We are starting this work in 2026. That matters.
Programmatic advertising has existed for more than two decades. In that time, it has delivered extraordinary scale, efficiency, and innovation. It has also accumulated layers of complexity that few participants fully understand and even fewer can clearly explain.
Despite years of standards, frameworks, and promises, the same fundamental question remains unresolved: Where does the money go? This site exists because it is no longer reasonable to treat that question as rhetorical.
The open web runs on programmatic infrastructure. Brands depend on it for reach. Publishers depend on it for revenue. And yet, economic transparency in the system still lags far behind its technical sophistication. Buyers struggle to reconcile spend with outcomes. Publishers struggle to understand why yield fluctuates. Intermediaries sit between them, often well intentioned, but structurally incentivized toward opacity.
Twenty years on, we are still debating issues that should have been settled long ago. That leaves the industry with a real choice.

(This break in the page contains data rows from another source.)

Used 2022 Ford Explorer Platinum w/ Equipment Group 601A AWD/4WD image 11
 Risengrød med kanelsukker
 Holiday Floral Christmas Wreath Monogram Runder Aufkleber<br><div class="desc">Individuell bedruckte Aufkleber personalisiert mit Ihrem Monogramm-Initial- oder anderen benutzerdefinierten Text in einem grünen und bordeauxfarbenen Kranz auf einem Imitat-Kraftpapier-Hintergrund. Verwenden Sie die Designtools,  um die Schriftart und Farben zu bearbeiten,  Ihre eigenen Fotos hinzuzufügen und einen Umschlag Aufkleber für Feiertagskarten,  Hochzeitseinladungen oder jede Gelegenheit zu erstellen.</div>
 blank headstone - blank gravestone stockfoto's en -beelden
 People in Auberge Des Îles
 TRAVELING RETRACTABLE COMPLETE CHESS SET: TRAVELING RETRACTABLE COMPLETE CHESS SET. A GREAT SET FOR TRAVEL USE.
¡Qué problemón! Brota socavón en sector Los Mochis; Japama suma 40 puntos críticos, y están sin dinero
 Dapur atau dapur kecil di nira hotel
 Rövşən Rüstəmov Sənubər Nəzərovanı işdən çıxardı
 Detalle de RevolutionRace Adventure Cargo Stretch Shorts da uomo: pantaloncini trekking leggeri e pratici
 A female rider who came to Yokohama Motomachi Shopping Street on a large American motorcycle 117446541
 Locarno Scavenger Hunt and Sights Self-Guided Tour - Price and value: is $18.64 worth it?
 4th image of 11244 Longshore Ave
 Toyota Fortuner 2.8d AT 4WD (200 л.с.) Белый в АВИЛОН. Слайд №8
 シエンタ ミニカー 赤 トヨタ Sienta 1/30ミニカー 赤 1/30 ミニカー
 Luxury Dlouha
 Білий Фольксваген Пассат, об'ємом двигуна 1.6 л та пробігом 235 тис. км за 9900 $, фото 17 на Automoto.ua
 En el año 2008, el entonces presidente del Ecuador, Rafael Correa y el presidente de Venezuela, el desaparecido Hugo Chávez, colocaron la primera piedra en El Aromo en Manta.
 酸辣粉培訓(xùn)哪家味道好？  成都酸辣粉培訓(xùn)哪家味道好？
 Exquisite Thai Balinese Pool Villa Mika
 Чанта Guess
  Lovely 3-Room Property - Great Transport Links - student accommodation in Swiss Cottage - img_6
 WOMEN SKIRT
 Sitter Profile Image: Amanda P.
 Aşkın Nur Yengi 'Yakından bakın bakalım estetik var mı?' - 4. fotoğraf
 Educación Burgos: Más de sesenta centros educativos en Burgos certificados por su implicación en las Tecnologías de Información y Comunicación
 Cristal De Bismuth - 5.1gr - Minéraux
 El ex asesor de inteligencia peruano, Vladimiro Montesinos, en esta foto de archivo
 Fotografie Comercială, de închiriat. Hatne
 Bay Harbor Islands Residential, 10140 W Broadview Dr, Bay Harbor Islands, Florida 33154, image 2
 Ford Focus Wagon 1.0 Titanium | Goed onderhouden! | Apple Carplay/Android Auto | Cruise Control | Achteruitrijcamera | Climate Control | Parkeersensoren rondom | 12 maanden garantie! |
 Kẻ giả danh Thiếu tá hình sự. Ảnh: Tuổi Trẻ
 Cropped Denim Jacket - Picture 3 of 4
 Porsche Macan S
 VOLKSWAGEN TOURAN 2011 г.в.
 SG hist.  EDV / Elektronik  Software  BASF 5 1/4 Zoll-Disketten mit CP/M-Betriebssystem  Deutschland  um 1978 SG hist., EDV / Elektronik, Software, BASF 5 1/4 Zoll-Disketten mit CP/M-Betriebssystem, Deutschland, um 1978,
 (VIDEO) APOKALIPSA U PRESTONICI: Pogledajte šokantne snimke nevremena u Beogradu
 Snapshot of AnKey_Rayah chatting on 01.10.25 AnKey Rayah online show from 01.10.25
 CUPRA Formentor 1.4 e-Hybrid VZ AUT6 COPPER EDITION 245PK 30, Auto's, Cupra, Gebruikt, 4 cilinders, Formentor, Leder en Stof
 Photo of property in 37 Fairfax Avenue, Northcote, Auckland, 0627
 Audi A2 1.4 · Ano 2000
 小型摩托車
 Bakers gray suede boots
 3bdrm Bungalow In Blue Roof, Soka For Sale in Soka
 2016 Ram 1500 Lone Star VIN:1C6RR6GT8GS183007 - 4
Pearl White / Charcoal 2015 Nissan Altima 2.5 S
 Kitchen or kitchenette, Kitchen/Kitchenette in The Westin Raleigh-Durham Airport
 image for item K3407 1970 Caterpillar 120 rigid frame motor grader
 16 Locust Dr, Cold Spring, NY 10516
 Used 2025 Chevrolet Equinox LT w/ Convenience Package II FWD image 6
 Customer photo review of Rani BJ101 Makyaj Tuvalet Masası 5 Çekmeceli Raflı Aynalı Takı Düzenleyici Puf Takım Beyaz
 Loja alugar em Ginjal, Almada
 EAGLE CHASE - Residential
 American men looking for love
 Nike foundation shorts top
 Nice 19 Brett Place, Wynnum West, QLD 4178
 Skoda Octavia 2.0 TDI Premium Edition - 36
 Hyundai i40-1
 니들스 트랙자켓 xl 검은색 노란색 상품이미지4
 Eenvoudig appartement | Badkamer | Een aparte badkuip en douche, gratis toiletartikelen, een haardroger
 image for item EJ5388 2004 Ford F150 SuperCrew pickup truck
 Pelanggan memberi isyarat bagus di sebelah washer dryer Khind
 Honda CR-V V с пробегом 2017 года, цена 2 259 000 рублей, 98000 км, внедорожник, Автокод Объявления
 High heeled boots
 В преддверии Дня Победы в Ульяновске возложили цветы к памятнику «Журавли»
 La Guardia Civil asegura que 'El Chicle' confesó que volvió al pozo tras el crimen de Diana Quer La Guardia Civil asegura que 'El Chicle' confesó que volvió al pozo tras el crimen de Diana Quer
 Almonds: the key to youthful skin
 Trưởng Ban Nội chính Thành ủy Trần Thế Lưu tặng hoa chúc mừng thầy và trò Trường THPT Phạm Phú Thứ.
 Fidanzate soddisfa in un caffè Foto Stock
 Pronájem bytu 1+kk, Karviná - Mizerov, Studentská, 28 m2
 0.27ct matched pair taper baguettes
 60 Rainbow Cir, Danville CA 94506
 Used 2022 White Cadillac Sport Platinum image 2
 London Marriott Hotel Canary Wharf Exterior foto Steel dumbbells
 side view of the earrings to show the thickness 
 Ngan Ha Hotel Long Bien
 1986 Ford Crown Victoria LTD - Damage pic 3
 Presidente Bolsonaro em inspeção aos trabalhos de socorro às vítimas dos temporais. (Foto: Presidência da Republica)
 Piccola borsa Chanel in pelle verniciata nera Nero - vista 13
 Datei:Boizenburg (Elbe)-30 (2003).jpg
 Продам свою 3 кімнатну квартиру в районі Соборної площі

Either we accept that open web programmatic cannot be made economically legible and gradually retreat from it, concentrating spend in closed systems where transparency is limited but expectations are clearer.
Or we do the harder work of fixing the economics.
Fixing the economics does not mean eliminating intermediaries or simplifying the system to nostalgia. It means making incentives visible. It means aligning pricing models with value creation. It means treating media buying not as a black box optimization exercise, but as a financial system that deserves scrutiny. This site is grounded in the belief that the open web is worth fixing. Media is worth fixing.
We believe transparency is not a threat to performance. It is a prerequisite for it. We believe most value leakage is structural, not malicious. And we believe progress comes from education, standards enforcement, and better questions, not outrage. Our work focuses on agency economics, procurement design, attribution governance, supply chain transparency, and inventory quality. We write for people who control budgets, sign contracts, and carry responsibility for outcomes.
If you are comfortable with complexity but uncomfortable with ambiguity, you are in the right place. The open web does not need fewer participants. It needs clearer economics.
We are here to help make that possible.